Score:1

Manually deriving asymmetric key pairs with Openssl

cw flag

In Openssl, is there a way to systematically generate a private key such that every time you perform this key derivation, you produce the same private key?

It seems like every openssl command that generates private keys does so randomly. So, if you lose your private key file for whatever reason, there's no practical method of recovering it.

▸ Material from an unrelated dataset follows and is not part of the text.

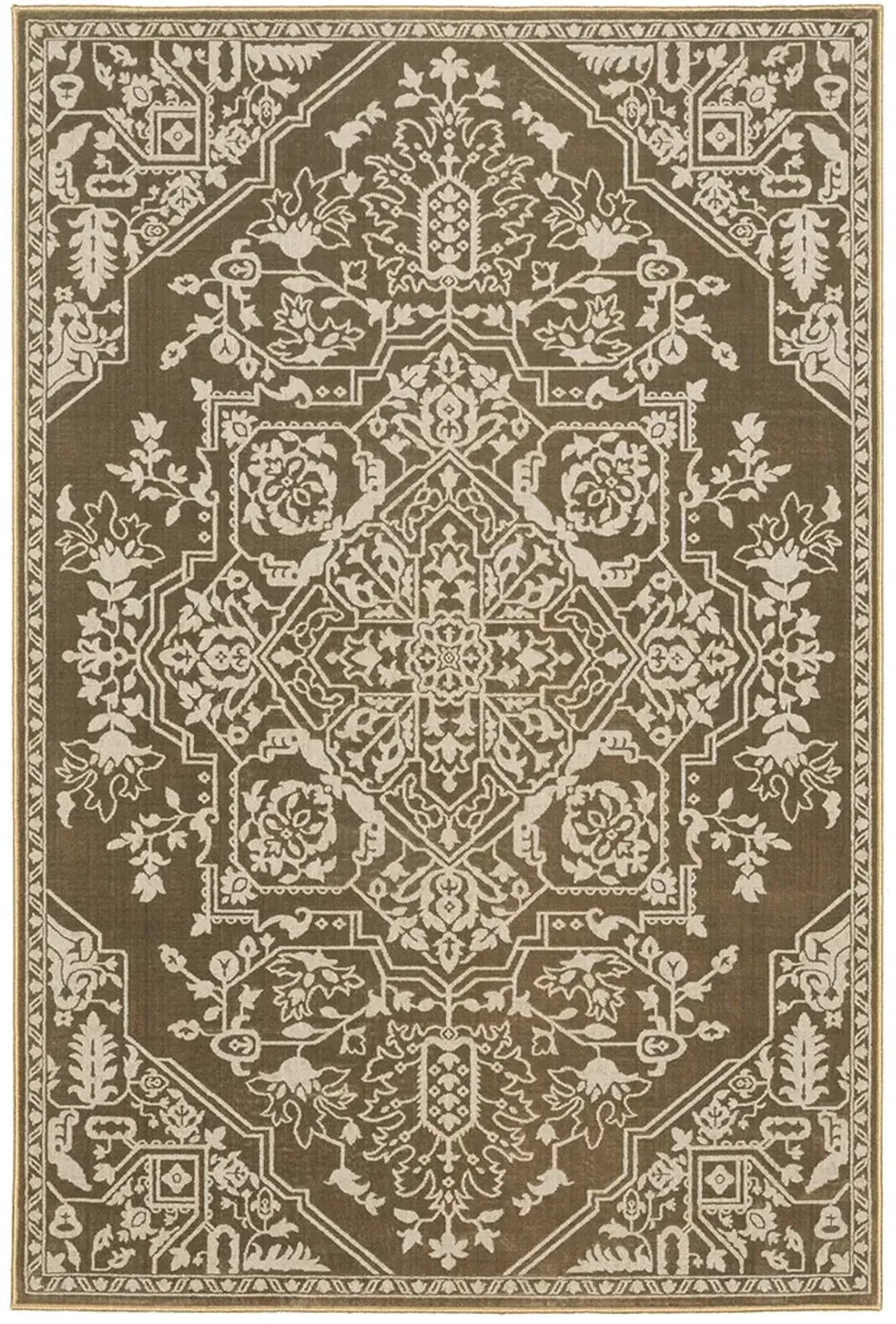 furniture6-423073
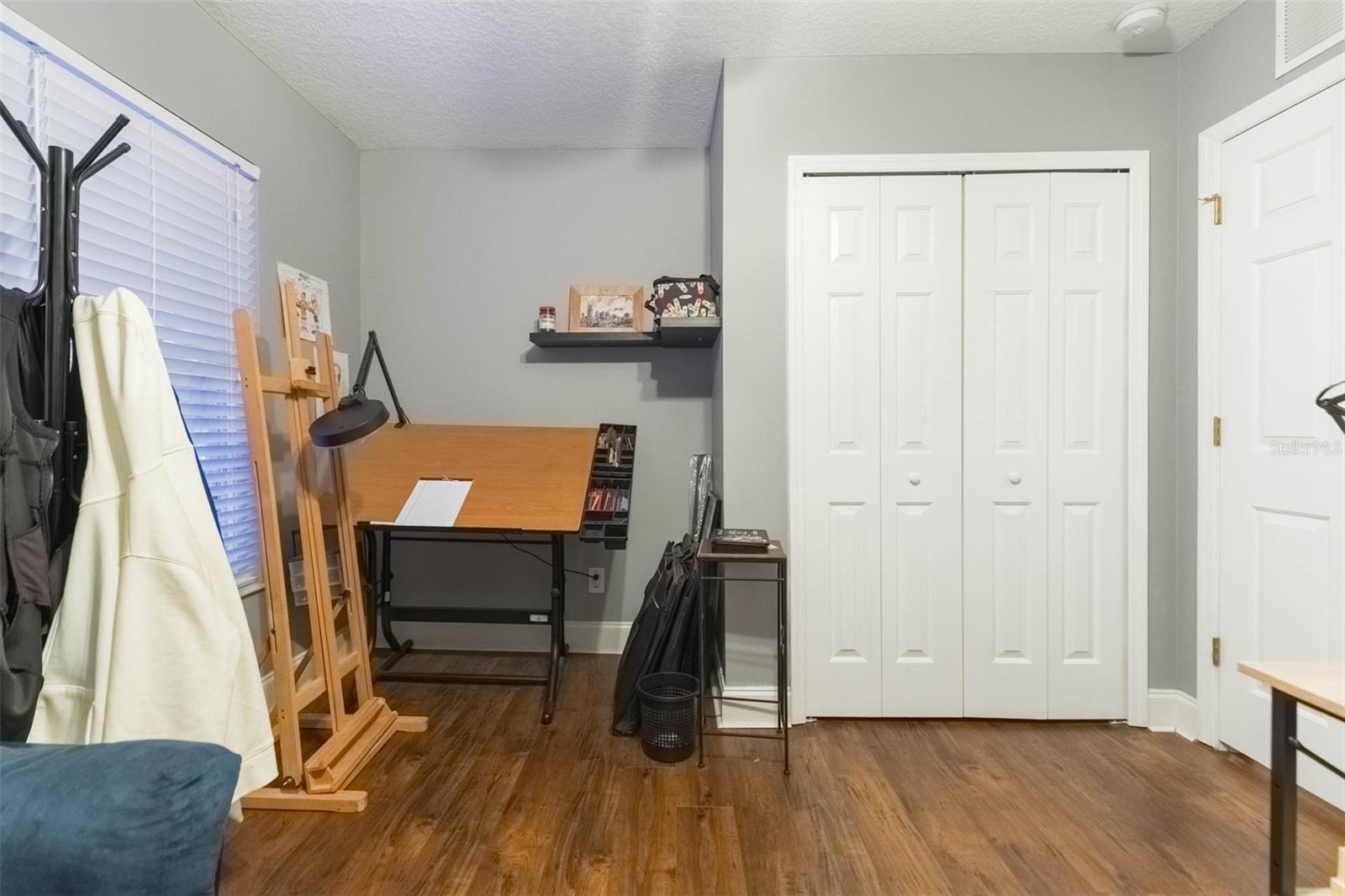 BOYETTE OAKS - Residential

I know you can control some parameters of RSA key generation like the size and the exponent, but what if you wanted a specific modulus that you could remember?

Likewise, for ECDSA if you know a private key that is valid for a particular curve type,

  • How would you generate the public key from that chosen private key?
  • Maybe there is a way to edit a PKCS1/8 file so that you can change the private key?
  • Or, maybe there is an option for genrsa/gendsa/genpkey/etc that allows you to derive the private key from a passphrase?
knaccc avatar
es flag
I see the problem - the private key PEM file contains an uncompressed public key which bloats the length of the file, which means there is an unnecessary amount of information that would need to be written down. [These answers](https://stackoverflow.com/a/59329138/8656811) say you can't do it with OpenSSL, but you can specify a seed with GnuTLS
Score:1
cn flag

For RSA, because the key is highly structured, no.

For ECDSA/ECDH you can just use a costly hash like scrypt or argon2 of whatever, truncated if necessary, as privatekey and openssl can derive the publickey -- see https://stackoverflow.com/questions/48101258/ (commandline) or https://stackoverflow.com/questions/75474348/ (library). For EdDSA/XDH and DSA (in a known group, which doesn't need to be secret) you don't even need that; PKCS8 format only needs the privatekey number (which for XDH must be munged slightly to ensure it's not in a small subgroup and the multiplication can't be shortcutted creating a sidechannel).

But any key you can remember, or derived from something you can remember, is very likely breakable -- some Bitcoin users tried this and most lost their money; google brainwallet. (Although this happened back when Bitcoin was only a few hundred dollars, so they didn't feel quite as much agony as they would have last year, and maybe yet this year it will bounce back, who knows.)